An Online Rant Against A Trans Counselor At The Space & Rocket Center Is All It Took To Unleash The Wolves

For LGBTQ+ employees at the U.S. Space & Rocket Center in Huntsville, Alabama, what used to be a haven now feels like a nightmare — and it only took one fearmongering rallying cry from a parent.

In a Facebook post from March 9, Clay Yarbrough, the father of a child enrolled at Space Camp, urged parents to pull their children from the program and started a smear campaign against a camp counselor named Molly Bowman.

Why? Because she’s trans.

As a bisexual woman who has struggled with her identity for years, I’m pretty tired of rhetoric that not only makes queer people question our own worth, but frequently makes us, especially members of the trans community, feel unsafe. As I watched all of this play out in the news, I knew I had to get the story from those who hadn’t yet been included in the conversation.

Though the post included no evidence or credible allegations of wrongdoing on Bowman’s part, the crux of Yarbrough’s argument hinged on the idea that Bowman could do something wrong — a possibility that, of course, isn’t exclusive to the LGBTQ+ community.

Yarbrough misgendered and used slurs against Bowman online, his post amassing comments that made unfounded accusations that she and the rest of the LGBTQ+ counselors had behaved inappropriately.
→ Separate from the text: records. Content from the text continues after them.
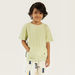 Eligo Textured T-shirt with Kangaroo Pockets and Round Neck-T Shirts-thumbnailMobile-0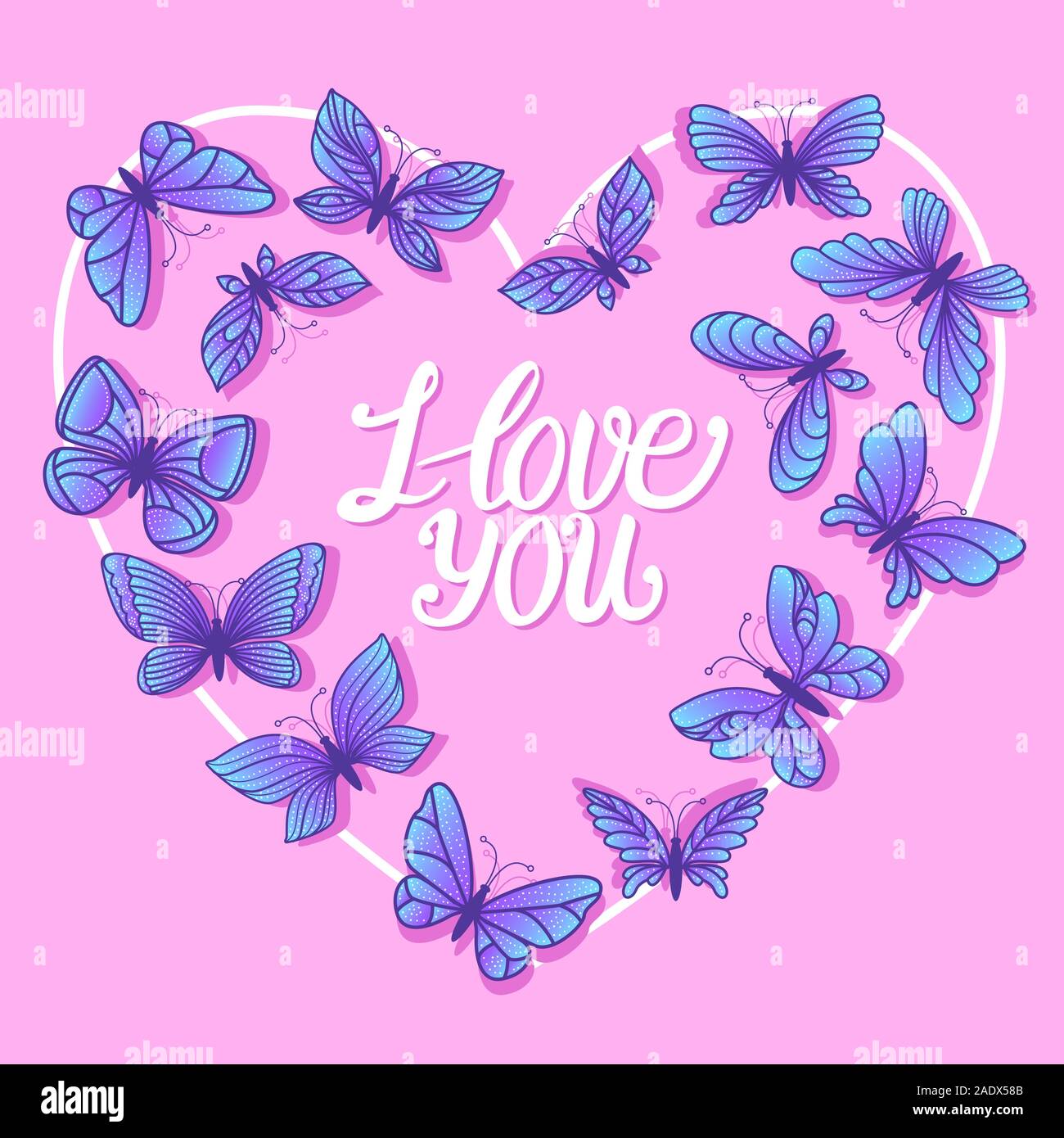 Heart frame with hand drawn butterflies. I love you lettering ...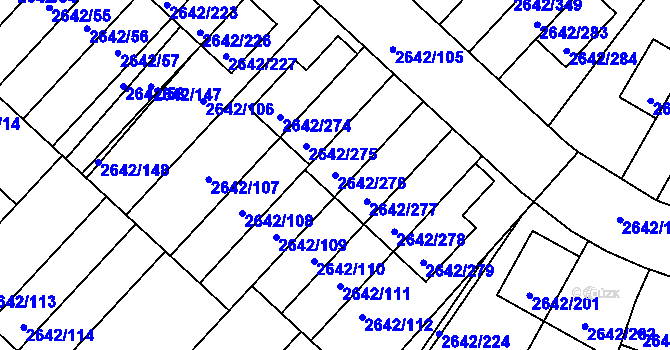 Parcela st. 2642/276 v KÚ Kuřim, Katastrální mapa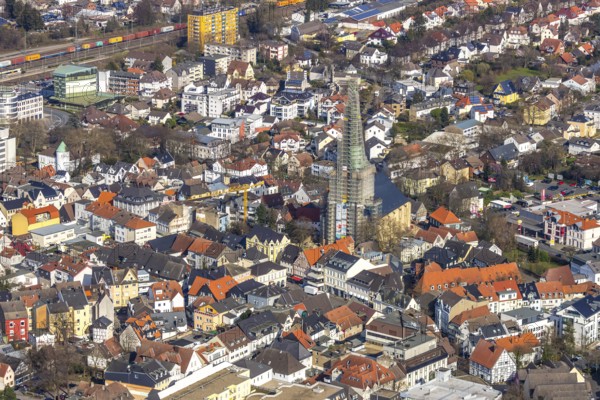 Aerial view, city view, old town, redevelopment evang. town church, church square, Unna, Ruhr area, North Rhine-Westphalia, Germany, City, DE, Europe, property tax, real estate, aerial view, aerial photography, aerial photography, overview, bird's-eye view, residential area, living and working, living and life, residential area, residential buildings, residential quality, residential neighbourhood, housing estate, birds-eyes view, overview
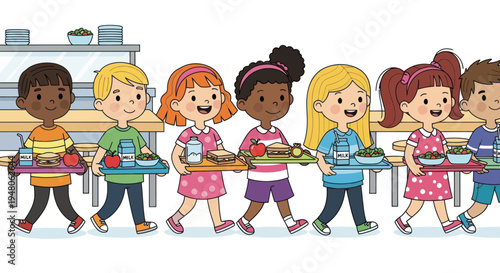 Diverse Kids Enjoying Healthy Lunch Trays at School Cafeteria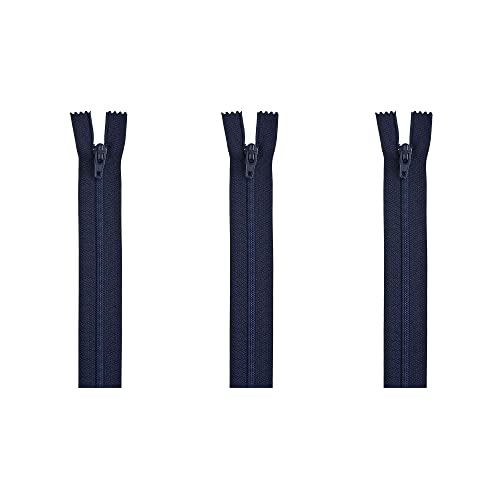 C&C All Purpose Zip - 3 Pack of 9 Inch Zippers - Navy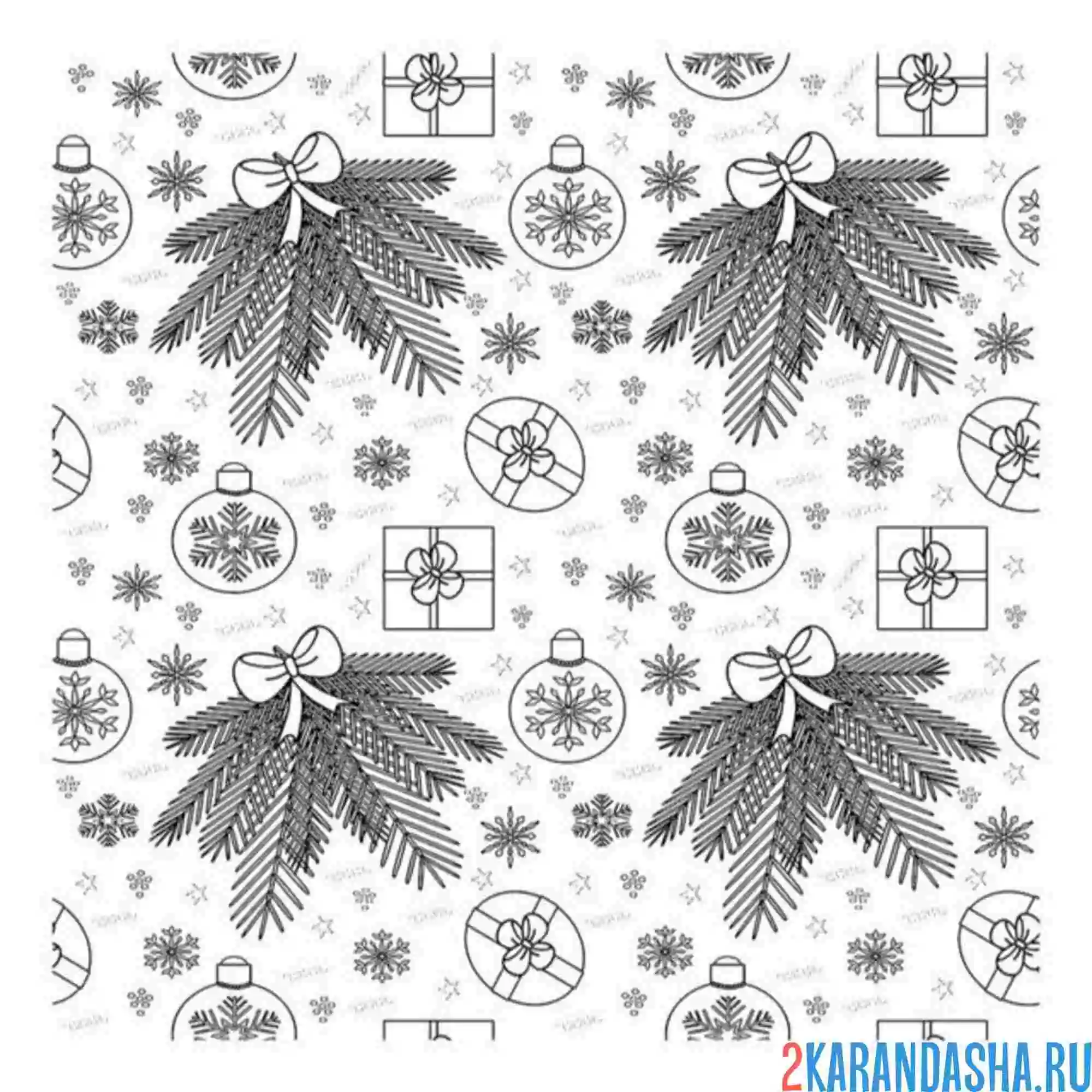 Раскраска еловые ветки для 2025 года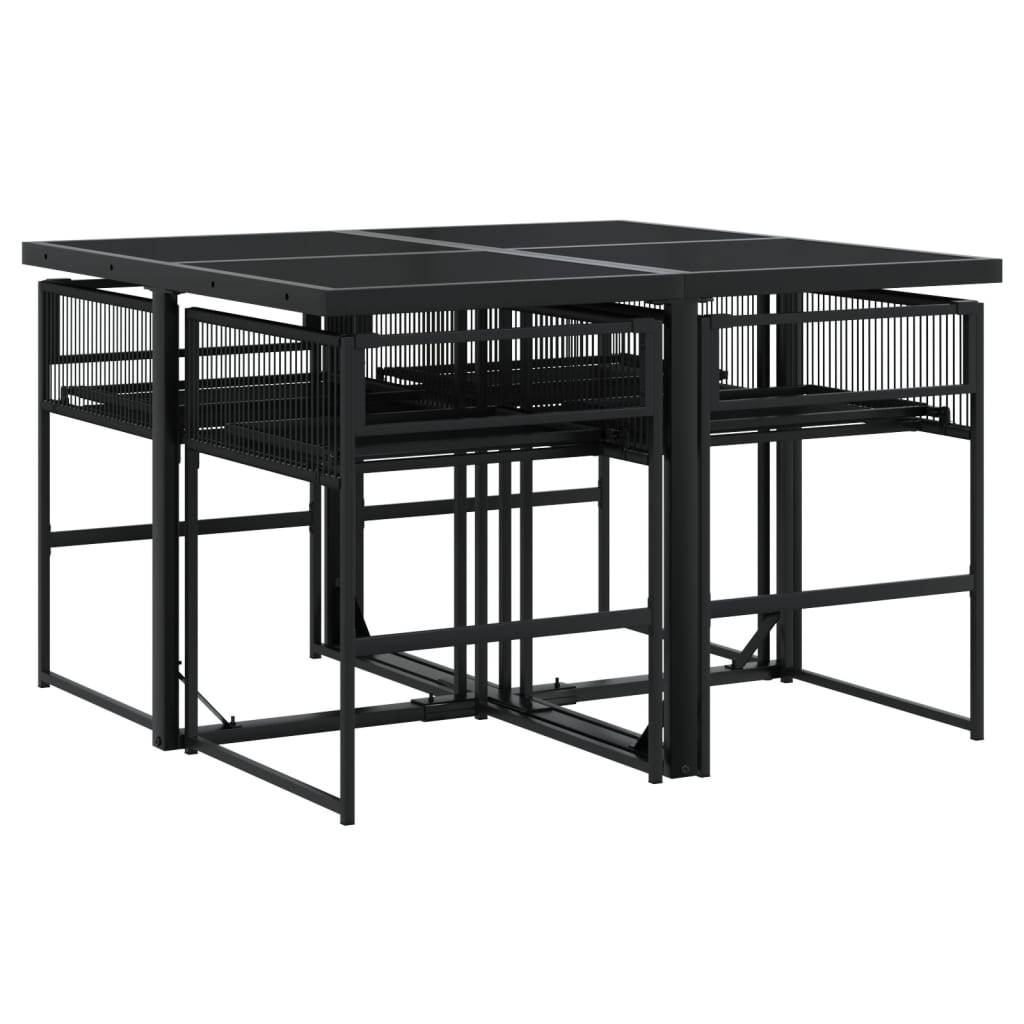 vidaXL 5-tlg. Garten-Essgruppe mit Kissen Schwarz Poly Rattan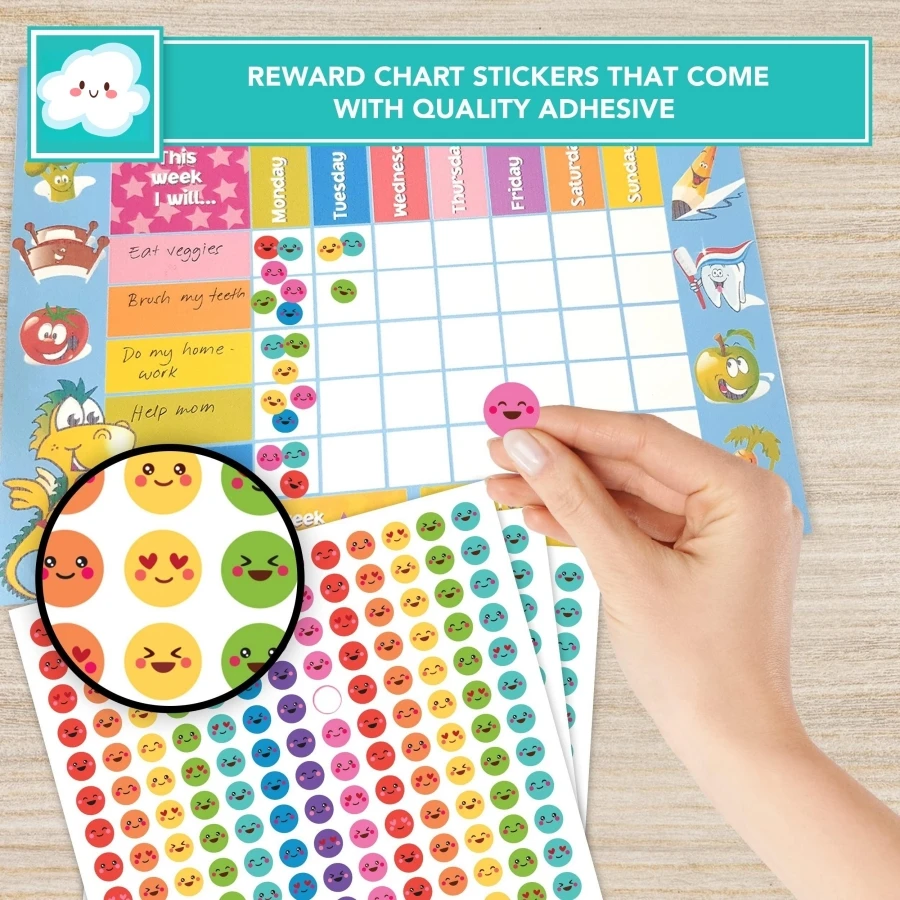 5 Sheets/1170 Happy Stars Stickers Happy Stars Student Reward Chart Behavior Labels for DIY Crafts Scrapbooking School Office Su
The group dissected Bowman’s personal social media pages, and even her Amazon wish list, in their attempts to pull something from nothing.

Yarbrough’s post blew up with over 6,000 shares, garnering the attention of right-wing groups and politicians. Moms For Liberty Alabama tweeted Yarbrough’s Facebook post with the comment: “Do not send your children to Space Camp in Huntsville, AL. The entire program has gone woke! Girls as young as 7 attend Space Camp and this is what they are exposed to! Protect your kids!!!!

Given that the age range for the camp begins at 9, the group was already off to a rocky start.

Meanwhile, the right-wing account Libs of TikTok misgendered Bowman and repeated the baseless claim that Bowman “went into the girl’s showers while they were changing.”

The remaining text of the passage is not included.